Equalisation - between hertz and sounds
Mar 25, 2003 - by Franck ERNOULDTranslated by Athahualpa.
This article deals with the connections between Hertz and sound, as well as the patterns and corrections that apply to the latter.
Any psychoacoustic consideration is essentially subjective and often needs to be adjusted according to the listener. The terms, adjectives and figures quoted in this article are by no means meant to be universal, intangible or inflexible, they simply reflect the author’s viewpoint, but if they trigger discussion, experimenting and learning, their objective would be fulfilled…
|Welcome to flat country|
The response curve of every single electroacoustic device, whether it’s electronic (amplifier, console, converter…) or transducer in type (microphone, loudspeaker…) should be as flat as possible. The human ear however, is far from being a linear receptor. After eons of evolution, this organ has become sensitive to the frequencies closest to the human voice, especially a baby’s. For this reason, our most developed perception range lies around 1 to 2 kHz. Above and below these frequencies, our hearing decreases with volume. The flattest “real objective level/perceived subjective levelî curve is reached around 85dB SPL. This is, by the way, the mixing norm sound level used in the cinema: the mixing engineer calibrates his installation, in order to be able to measure 85 dB SPL from where he’s seated!

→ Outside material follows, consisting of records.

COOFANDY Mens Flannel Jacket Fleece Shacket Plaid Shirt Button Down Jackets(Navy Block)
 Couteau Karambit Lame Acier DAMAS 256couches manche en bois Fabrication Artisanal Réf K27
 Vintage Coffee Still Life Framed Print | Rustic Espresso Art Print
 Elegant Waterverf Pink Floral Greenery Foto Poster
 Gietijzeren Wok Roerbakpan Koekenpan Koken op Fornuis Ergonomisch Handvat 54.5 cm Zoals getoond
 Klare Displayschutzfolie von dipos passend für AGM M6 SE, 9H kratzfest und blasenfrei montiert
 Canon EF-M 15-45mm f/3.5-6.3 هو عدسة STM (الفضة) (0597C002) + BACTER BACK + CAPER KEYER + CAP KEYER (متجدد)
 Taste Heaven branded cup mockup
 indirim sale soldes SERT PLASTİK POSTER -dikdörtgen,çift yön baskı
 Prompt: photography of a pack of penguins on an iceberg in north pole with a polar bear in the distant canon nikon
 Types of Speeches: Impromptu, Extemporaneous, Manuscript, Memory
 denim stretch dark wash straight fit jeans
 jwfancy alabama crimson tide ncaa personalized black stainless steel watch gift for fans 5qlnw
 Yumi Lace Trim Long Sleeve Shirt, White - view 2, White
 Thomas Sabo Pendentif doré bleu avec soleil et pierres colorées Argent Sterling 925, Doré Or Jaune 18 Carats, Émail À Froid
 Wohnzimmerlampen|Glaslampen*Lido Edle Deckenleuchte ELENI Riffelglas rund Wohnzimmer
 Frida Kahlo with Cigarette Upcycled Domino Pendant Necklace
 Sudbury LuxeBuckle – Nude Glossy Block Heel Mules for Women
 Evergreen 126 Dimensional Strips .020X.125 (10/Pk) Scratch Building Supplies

At lower listening levels, the low and high frequencies are not so well detected. Those famous “loudnessî correctors found in a variety of hi-fi systems serve the purpose of readjusting the shortcomings of the human ear. At higher listening levels, the curve becomes distorted, thus causing the ear to get tired faster and to analyze dynamics less accurately. That’s why a high-pitched sound, which seems inoffensive at low volume might become aggressive when the level is raised.
|Flavors and colors|
Lets do some more foreplay, before getting into the real thing: every single speaker out there, whatever the make, model or price, has an acoustic fingerprint of its own. There’s no such thing as a device featuring a perfectly flat response curve, that’s subjective blabber! Let’s not forget that the trend nowadays pushes for systems giving priority to enhanced basses and nice trebles (Genelec or FAR style). Hi-fi speakers also tend to be disguised as professional models by oversizing their components.
Listening to sounds through ‘colored’ speakers compares to trying to judge the chromatic attributes of a painting wearing tinted sunglasses. Contrary to the mechanism of the eye, our ear gets used to the coloring and ends up compensating it. This explains how some experienced sound engineers perform excellent mixes by trusting their monitors, that, another less experienced listener would qualify as cheap sounding.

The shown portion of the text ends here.